Posted by Jennifer Kuchy On Nov 1, 2018 11:01:00 AM
The Cost and Effect of a Bad Hire

Unfortunately, there is no red flag to be waved in front of a Hiring Manager when a bad candidate walks into an interview. With each new hire comes the risk of an employee that could waste your time, efforts, and most importantly your money. The average cost of a bad hire is two to three times the person’s salary. Poor hiring decisions are going to cost you a lot of money. Although this may seem like an exaggeration, if you factor in the costs of recruiting, prescreening, interviewing, onboarding, lost productivity, and training, it adds up quickly.

Every Hiring Manager hopes to avoid these costs but there is no specific way to ensure each new employee will be the right one. To help alleviate the risk, we have provided you with ways to avoid bad hires and reduce the repercussions.

Test Run

Give the candidate a few situational scenarios they would need to overcome in a role. It’s better to hear how they would handle themselves during the interview stage rather than when the challenge is actually presented. If they were to choke under pressure in an interview, it’s incredibly likely they would during the job.

Domino Effect

A bad hire's effect on company culture will last long after he or she leaves the team. Poor performers create low morale for the other employees. Bad habits can spread throughout the company like wildfire and can create employee turnover. Research shows bad hires lead to 80% of turnover. To combat this, invest time and resources to distinctly define the proper standards and expectations of each employee and their required duties.

Do Your Due Diligence

Take advantage of every opportunity to explore the candidate’s past. Background and reference checks are the best way to get insight into how a person will perform in a work environment. Investigating why they left their past employers and checking out their social media accounts are a few ways that can help you get a better idea of what type of employee they are.

Take Action

If tasks and responsibilities are not being met within the first week or two, it’s time to take action. Although an adjustment period for each new employee is understandable, a good hire would know how to prove themselves straight out of the gate. Anyone who isn’t performing to your organization’s standards is costing you money. Give regular performance reviews and base your firing decision on the facts and employee review. Ask yourself, if the job isn’t getting done at the start, will it ever get done?

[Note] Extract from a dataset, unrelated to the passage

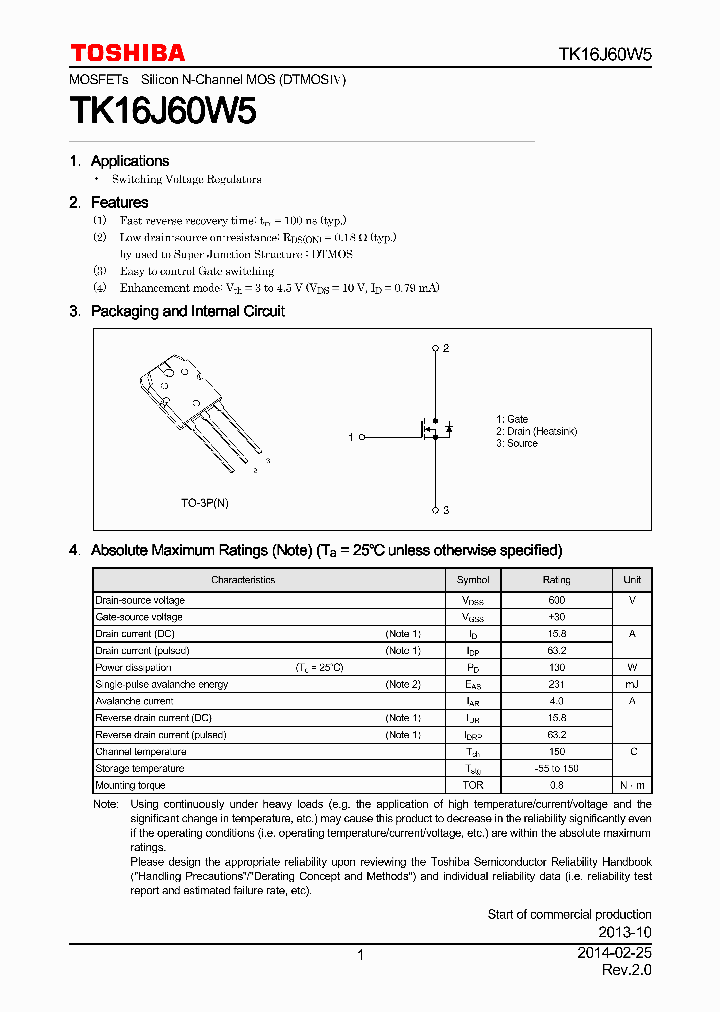 TK16J60W5_7681826.PDF Datasheet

If you haven’t thought about working with a staffing agency, you should consider how they will help solve your hiring issues and concerns. Staffing agencies help reduce the risk of a bad hire because they are the ones who prescreen, vetting the candidate,  to lessen the amount of time an in-house person has to invest in the process. They will provide you with valuable information about the applicant before you decide to make any hiring decisions. Staffing agencies also offer temp-to-hire services which allow you to hire a candidate for a short assignment/time to see if they’re a good fit and vice versa. If it’s a good match, you can easily hire that candidate full-time and if not, you can simply ask for a new candidate to fill the role.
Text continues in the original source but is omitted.